■ **YOUR INSTRUCTIONS**:
Start with the first line of the data and end with the line that holds "Мотовездеход BRP Maverick"; write out each one exactly.

*** Opening of STUDY MATERIAL ***

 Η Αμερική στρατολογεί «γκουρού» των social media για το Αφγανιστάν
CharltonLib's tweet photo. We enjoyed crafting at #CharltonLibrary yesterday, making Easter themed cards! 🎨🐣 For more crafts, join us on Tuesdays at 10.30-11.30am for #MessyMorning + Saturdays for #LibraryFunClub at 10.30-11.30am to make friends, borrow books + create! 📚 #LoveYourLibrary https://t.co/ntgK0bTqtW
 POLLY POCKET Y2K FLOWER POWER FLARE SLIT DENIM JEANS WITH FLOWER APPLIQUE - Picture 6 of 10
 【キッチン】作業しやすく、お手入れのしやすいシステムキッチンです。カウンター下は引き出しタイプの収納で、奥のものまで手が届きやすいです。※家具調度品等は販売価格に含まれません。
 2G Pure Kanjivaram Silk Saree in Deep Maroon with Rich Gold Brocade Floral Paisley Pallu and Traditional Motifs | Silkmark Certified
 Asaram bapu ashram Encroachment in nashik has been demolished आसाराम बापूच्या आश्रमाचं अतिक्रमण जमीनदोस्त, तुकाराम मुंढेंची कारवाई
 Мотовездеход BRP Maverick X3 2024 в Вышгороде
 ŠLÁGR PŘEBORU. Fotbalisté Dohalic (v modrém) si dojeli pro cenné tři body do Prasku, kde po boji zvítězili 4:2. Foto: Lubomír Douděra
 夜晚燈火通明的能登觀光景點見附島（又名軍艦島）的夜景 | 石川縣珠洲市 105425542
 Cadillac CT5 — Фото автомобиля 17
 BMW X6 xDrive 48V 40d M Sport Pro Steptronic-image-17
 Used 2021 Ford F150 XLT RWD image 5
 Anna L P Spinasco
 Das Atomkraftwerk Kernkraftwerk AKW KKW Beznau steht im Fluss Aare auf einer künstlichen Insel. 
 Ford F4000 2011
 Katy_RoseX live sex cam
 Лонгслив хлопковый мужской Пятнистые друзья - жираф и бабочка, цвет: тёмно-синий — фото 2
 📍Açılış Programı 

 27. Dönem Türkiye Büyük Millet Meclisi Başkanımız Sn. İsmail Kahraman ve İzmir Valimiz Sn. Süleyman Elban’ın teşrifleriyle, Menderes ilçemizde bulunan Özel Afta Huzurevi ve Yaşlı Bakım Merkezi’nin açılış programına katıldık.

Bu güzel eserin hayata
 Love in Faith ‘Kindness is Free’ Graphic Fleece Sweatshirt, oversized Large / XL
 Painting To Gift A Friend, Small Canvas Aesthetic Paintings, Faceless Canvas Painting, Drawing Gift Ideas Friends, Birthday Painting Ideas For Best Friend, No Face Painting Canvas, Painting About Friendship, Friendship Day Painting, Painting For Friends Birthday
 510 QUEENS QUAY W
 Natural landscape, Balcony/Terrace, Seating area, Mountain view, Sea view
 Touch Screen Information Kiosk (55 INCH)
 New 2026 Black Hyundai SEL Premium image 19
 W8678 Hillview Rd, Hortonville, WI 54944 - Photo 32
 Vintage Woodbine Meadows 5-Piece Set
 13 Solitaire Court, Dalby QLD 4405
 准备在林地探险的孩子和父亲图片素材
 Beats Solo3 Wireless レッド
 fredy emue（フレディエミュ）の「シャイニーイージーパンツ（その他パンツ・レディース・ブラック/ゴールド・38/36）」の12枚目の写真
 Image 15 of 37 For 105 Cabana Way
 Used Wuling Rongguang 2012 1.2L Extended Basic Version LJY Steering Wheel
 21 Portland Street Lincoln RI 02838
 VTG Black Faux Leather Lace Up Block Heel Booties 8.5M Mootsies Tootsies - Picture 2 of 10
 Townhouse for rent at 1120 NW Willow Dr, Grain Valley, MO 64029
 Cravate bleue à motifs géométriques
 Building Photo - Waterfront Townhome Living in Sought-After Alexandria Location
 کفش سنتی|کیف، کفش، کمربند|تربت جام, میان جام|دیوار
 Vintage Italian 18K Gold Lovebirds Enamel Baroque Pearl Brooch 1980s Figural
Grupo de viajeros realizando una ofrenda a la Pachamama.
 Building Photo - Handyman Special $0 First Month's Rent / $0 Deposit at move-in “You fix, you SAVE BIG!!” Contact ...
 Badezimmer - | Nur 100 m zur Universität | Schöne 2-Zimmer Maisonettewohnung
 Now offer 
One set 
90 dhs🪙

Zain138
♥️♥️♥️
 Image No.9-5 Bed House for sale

*** Close of STUDY MATERIAL ***

■ **RESPONSE AREA**:
 Η Αμερική στρατολογεί «γκουρού» των social media για το Αφγανιστάν
CharltonLib's tweet photo. We enjoyed crafting at #CharltonLibrary yesterday, making Easter themed cards! 🎨🐣 For more crafts, join us on Tuesdays at 10.30-11.30am for #MessyMorning + Saturdays for #LibraryFunClub at 10.30-11.30am to make friends, borrow books + create! 📚 #LoveYourLibrary https://t.co/ntgK0bTqtW
 POLLY POCKET Y2K FLOWER POWER FLARE SLIT DENIM JEANS WITH FLOWER APPLIQUE - Picture 6 of 10
 【キッチン】作業しやすく、お手入れのしやすいシステムキッチンです。カウンター下は引き出しタイプの収納で、奥のものまで手が届きやすいです。※家具調度品等は販売価格に含まれません。
 2G Pure Kanjivaram Silk Saree in Deep Maroon with Rich Gold Brocade Floral Paisley Pallu and Traditional Motifs | Silkmark Certified
 Asaram bapu ashram Encroachment in nashik has been demolished आसाराम बापूच्या आश्रमाचं अतिक्रमण जमीनदोस्त, तुकाराम मुंढेंची कारवाई
 Мотовездеход BRP Maverick X3 2024 в Вышгороде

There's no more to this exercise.